Jamal mengkritik bukan saja waktu pengajaran, tetapi juga muatan kurikulum PKPA yang selama ini diajarkan. Kementerian Ristek dan Dikti, kata Jamal, ingin agar ada penyesuaian dengan Standard Nasional Pendidikan Tinggi. Waktu pengajaran misalnya tidak ada keragaman berapa lama pendidikan khusus profesi advokat diselenggarakan. Ada yang menyediakan waktu 3 bulan, tapi ada juga yang dipaksanakan menjadi seminggu. Belum lagi waktu untuk satu mata kuliah, hanya disediakan dua jam.
Prof. Jamal pernah diminta mengajar tentang merger dan akuisisi mulai dari A sampai Z, dan harus diselesaikan dalam waktu dua jam. “Dapat apa kalau hanya segitu waktunya?,” kata pria kelahiran 8 November 1962 itu.
Dari segi kurikulum, Prof Jamal juga menganggap materi ajar sebagian besar PKPA saat ini sudah ketinggalan zaman dan tak sesuai kebutuhan. Materi yang diajarkan sebagian besar adalah materi yang sudah pernah dipelajari di bangku kuliah S1. Misalnya, hukum acara pidana dan hukum acara perdata.

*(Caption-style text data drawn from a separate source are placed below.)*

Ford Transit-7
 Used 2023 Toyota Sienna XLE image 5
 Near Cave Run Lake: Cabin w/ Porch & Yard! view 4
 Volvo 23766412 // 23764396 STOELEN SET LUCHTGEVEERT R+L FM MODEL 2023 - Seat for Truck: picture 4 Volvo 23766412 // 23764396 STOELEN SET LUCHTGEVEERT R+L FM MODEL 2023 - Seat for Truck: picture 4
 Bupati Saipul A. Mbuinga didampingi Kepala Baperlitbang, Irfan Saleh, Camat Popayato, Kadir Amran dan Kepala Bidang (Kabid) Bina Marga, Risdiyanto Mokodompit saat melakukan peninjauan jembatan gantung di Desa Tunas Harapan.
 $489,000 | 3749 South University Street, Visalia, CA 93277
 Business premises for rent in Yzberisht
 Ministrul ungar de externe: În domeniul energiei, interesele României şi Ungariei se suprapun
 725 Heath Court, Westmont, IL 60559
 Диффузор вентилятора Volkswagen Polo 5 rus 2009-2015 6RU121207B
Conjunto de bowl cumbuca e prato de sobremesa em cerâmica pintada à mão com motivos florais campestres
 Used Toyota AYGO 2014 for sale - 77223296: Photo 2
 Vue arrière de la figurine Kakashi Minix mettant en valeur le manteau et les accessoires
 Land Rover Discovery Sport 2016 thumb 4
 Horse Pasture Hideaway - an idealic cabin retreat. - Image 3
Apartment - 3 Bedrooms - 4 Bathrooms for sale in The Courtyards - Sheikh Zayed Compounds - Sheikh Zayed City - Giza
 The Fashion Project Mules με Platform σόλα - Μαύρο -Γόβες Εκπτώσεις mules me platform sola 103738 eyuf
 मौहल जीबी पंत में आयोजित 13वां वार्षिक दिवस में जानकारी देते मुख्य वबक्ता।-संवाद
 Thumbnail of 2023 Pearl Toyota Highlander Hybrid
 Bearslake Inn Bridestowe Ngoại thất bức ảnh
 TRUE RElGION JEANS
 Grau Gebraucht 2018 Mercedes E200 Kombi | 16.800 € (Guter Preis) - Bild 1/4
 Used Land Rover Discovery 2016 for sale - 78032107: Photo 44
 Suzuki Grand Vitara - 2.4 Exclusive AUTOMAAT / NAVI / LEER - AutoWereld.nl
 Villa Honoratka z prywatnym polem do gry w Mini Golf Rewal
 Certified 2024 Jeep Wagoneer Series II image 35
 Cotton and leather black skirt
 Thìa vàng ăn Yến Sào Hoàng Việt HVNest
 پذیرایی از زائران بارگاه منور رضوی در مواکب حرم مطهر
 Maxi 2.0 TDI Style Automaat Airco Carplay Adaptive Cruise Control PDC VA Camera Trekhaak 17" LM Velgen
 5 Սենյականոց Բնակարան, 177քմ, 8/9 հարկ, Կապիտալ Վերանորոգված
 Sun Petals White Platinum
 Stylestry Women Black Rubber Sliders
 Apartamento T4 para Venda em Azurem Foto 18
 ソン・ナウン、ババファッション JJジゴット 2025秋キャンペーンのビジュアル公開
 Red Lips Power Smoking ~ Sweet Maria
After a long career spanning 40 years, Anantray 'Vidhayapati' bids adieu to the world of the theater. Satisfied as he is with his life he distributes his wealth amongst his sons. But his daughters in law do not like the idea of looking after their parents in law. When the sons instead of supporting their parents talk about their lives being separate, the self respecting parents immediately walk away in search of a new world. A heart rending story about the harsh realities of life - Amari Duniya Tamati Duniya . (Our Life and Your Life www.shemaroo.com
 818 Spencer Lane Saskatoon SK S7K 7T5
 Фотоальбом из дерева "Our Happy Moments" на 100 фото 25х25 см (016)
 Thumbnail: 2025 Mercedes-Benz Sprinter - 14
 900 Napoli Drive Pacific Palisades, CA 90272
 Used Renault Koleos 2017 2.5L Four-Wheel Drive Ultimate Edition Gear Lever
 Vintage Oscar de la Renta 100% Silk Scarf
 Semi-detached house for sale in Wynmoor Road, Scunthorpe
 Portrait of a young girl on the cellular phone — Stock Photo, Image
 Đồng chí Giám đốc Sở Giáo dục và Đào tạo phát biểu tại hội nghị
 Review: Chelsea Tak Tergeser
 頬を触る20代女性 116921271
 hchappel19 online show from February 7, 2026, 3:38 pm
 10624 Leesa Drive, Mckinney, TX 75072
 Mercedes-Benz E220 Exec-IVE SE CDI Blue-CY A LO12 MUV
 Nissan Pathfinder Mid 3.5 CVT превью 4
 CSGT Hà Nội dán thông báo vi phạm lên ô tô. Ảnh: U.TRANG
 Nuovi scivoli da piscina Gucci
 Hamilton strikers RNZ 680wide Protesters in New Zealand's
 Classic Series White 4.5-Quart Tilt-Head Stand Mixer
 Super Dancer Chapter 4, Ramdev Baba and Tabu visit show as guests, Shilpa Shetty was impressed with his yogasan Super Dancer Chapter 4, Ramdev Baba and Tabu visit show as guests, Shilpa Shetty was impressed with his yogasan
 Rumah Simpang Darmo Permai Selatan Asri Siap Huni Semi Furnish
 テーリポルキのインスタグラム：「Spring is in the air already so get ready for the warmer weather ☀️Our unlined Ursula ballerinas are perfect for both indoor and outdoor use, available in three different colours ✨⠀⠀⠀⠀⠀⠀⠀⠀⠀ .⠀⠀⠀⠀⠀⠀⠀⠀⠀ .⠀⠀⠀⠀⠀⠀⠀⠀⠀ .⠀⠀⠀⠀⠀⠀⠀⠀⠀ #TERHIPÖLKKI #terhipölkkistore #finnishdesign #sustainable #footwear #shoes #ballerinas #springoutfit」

Organisasi advokat dan penyelenggara PKPA sudah semestinya menyesuaikan materi ajar dengan kebutuhan para advokat sesuai dengan dunia kerja nyata. Apalagi sekarang sudah era di mana advokat bisa menjalankan profesinya lintas negara. “Mestinya ada mata kuliah-mata kuliah yang applicable, yang memang menjadi sasaran manakala seseorang menjadi lawyer,” sarannya. (Baca juga: Menteri Yasonna: Indonesia Masih Kekurangan Pengacara Andal).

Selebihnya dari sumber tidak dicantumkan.